Warning; This post may get heavy handed, because well… it’s been a heavy fucking week.

Note; this post isn’t calling out a close friend who recently had a major fuck-up, he had his shit mostly together well in advance of said fuck-up.

But do you?

Reality check; for at least one of you, sadly, this post will change your life, and the life (lives) of your family. I will get a call from you, or a family member, next week, next year, or ten years from now. It will happen, and it will be painful call, but because you took action… it will be less painful.

How do I know this?

Because I’ve hammered on this topic before, and I’ve had three hard calls over the past few years. Less hard than they might’ve been because shit was handled in advance though.

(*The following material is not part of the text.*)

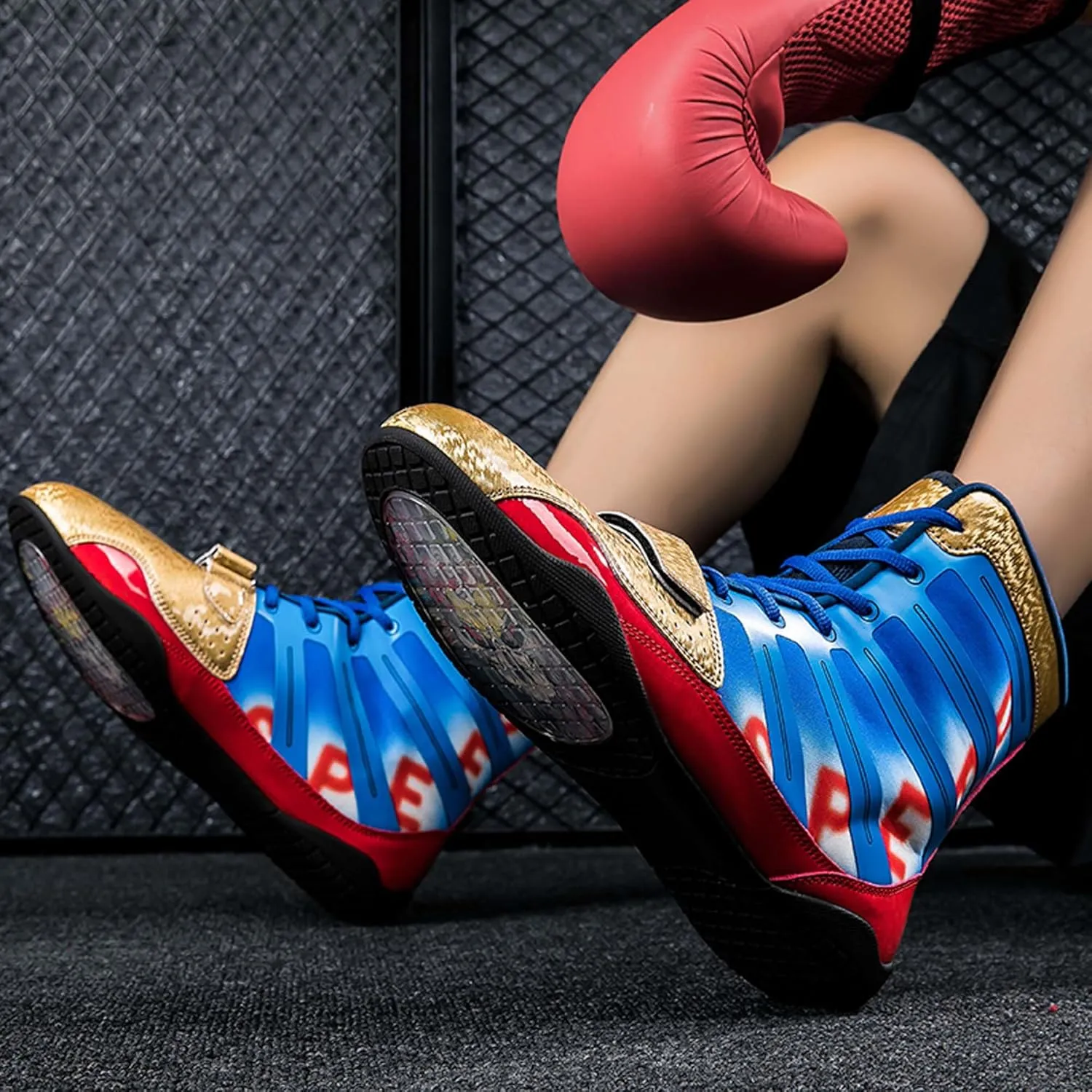 Men's and Women's High Traction Wrestling Shoes for Men,Durable Shoes for Wrestling, Boxing, Weightlifting & Bodybuilding -Combat Sports Footwear, Lightweight Gym Shoes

OK, some people stopped reading, because I used the ‘fuck’ word… I’ll write a cleaner version another time, when I’m less emotional… for me to be remotely emotional about anything… well that says a lot.

If you’re still reading this, you’re most likely a Broker.

You are a Mortgage Broker

A Broker looking for an edge, always hungry to learn, also you’re not super-judgmental… which is a Brokering super-power in itself (a future topic).

Most likely, when asked what you do, you respond with ‘I’m a Mortgage Broker

You don’t say ‘I broker’ or ‘I sell mortgages‘ although you might say you provide expert advice… still the odds are that you think of yourself as a Mortgage Broker.

The business of Brokering is woven into your identity.

It’s not a ‘thing’ you do, it’s (a key piece of) who you are.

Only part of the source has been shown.